Markets often look “random” until you notice a quiet variable changing underneath: interest rates.

Rates don’t just affect bonds. They influence the discount rate, and the discount rate reshapes how future value becomes today’s price.

The simplest idea: present value

If you expect cash flows in the future, you discount them to get a value today.

When rates rise, discounting gets harsher.
When rates fall, discounting gets softer.

That’s why “valuation compression” can happen quickly when yields move.
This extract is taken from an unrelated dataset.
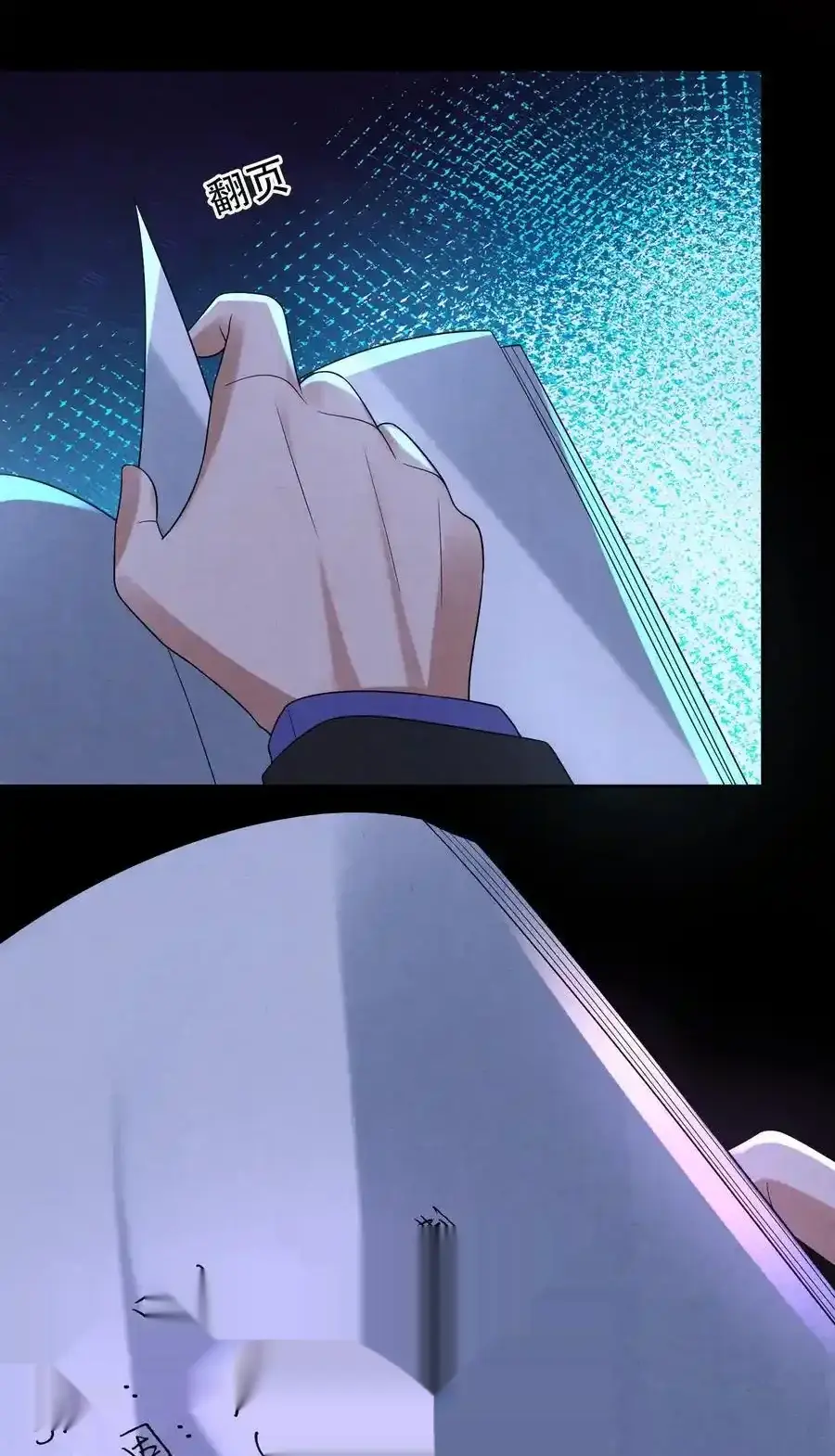 Read Overly Ferocious of Being Cautious Manga Online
A developer-style mental model

Think of rates like a global configuration value:

Change the config → many modules behave differently

Nothing else needs to “break” for outputs to shift

Here’s a simplified pseudo-example:

value_today = future_cashflow / (1 + discount_rate) ^ years

If discount_rate increases, value_today decreases.
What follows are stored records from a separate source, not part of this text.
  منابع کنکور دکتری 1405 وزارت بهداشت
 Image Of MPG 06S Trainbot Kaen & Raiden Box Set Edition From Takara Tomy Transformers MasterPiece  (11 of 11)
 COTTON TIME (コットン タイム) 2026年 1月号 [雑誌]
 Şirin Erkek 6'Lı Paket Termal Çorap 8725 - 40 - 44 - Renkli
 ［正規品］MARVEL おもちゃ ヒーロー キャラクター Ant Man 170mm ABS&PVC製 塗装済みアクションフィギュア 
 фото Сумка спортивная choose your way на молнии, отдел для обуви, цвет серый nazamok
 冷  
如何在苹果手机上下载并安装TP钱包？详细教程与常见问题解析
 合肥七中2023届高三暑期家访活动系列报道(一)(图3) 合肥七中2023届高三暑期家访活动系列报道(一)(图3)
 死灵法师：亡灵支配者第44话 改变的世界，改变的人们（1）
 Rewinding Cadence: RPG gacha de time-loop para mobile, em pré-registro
Hidden concentration: “diversified” but rate-dependent

A portfolio can hold many different assets and still depend on one regime:

stable funding

low discount rate

calm liquidity conditions

When that regime changes, everything reprices.
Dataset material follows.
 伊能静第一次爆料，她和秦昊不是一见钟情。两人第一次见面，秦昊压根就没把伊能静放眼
A practical Monday checklist

Instead of predicting headlines, I ask:

What is my system sensitive to this week? (rates, growth, inflation, liquidity)

Which components break if rates rise quickly?

Is sizing designed for stress, not comfort?

Do I have real liquidity, or only calm-market liquidity?

Takeaway

I’m not trying to forecast every move.
I’m trying to reduce fragility.

When you understand rates → valuation, market behavior becomes less emotional and more structural.